Chip Somodevilla/Getty Images
On October 18, Sam Wang thought it was over. So much so that he promised - on Twitter, for the world to see - that he'd eat a bug if Donald Trump earned more than 240 electoral votes.
On November 12, he was eating a bug on live television.
Wang, a top election forecaster and professor at Princeton University, had given Democratic nominee Hillary Clinton a 98% to 99% chance of winning in the days leading up to the election. Of course, it didn't quite end up that way.
"To state the obvious, this is not random sampling error because it was shared across all pollsters in the same direction. This is some kind of large systematic error, far larger than typically occurs in a presidential election year," Wang said.
For the second-consecutive election cycle, the polling and prognostication industry is reckoning with how it got it wrong - and why we're talking about a President-elect Donald Trump when virtually all available data pointed to President-elect Hillary Clinton.
National polls weren't too far off from the eventual result - after all, Clinton is on her way to a near 2-point victory in the popular vote.
But polls in key battleground states like Michigan, Wisconsin, and Pennsylvania - states Republicans hadn't won at the presidential level since the 1980s - belied the state of the race. Clinton had leads so healthy in Wisconsin, for instance, that she entered Election Day with a 6.5-point average advantage in the state.
She lost there by a point. She lost the trio of states. And she lost the presidency.
"Polls might not be capable of predicting elections," Patrick Murray, the head of Monmouth University's polling institute, told Business Insider.
Murray's final Pennsylvania poll showed Clinton with a 4-point lead with a 4.9 percentage point margin of error, which still was not big enough to capture the margin - 1.2 points - by which Trump would win the state.
"It's an imprecise science," he said. "It's a science with a margin."
With a level of distrust in statistics and polling, heightened by Trump's months of railing against "dishonest" polls and media outlets, Murray said the result of the election only adds to how "very hard" it is "to fight against that."
"Do we ever win back the public trust, or in fact, should you even try?" he said. "What did we miss? We know it's systematic. Can we correct for it?"

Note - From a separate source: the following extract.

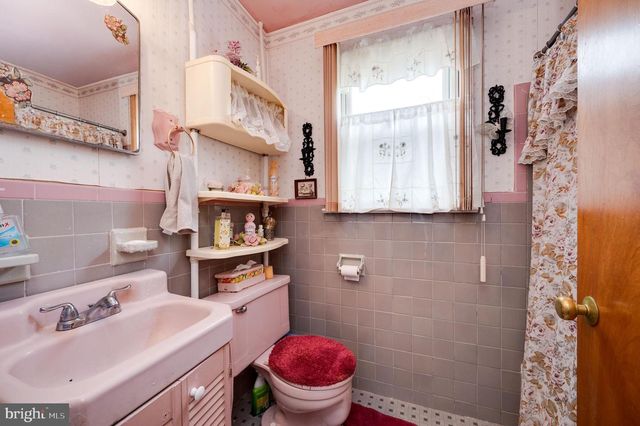 125 E 1ST AVE, Trappe, PA 19426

But Murray already had developed a theory for what happened: "Non-response among a major core of Trump voters."
What happened?
Murray's theory looked as if it had some legs.
For instance, in Pennsylvania and Michigan, Clinton's total percentage of the final vote fell within 2 points of what had been predicted for her in the polling average. In Wisconsin, Clinton wound up with a near spot-on level of support as the polls had forecast, outperforming the polling average by 0.1 points.
But Trump outperformed his polling average by 4.5 points in Pennsylvania, 5.6 points in Michigan, and an unheard-of 7.6 points in Wisconsin. Underperformances by Libertarian nominee Gary Johnson and Green Party nominee Jill Stein may have contributed to that result, but it didn't account for such a large discrepancy.
"It's not that they lied to pollsters, but they didn't even pick up the phone," Murray said.
In his final Pennsylvania poll, Murray said, he was accurate around the Philadelphia metro area through Scranton and in the Pittsburgh metro area. But he missed the central, rural part of the state by 20 points: He had polled a 10-point Trump lead while Trump ended up winning that area by 30 points.
"That's probably the problem across all swing states, and that's the first state that I looked at because it's the one I did most recently," he said. "We were getting metro areas correct, but in the non-metro areas, and this will be true in Wisconsin and Michigan as well, that, a certain type of Trump voter seemed more [unwilling] to talk to pollsters. And, it plays into this whole anti-establishment sense."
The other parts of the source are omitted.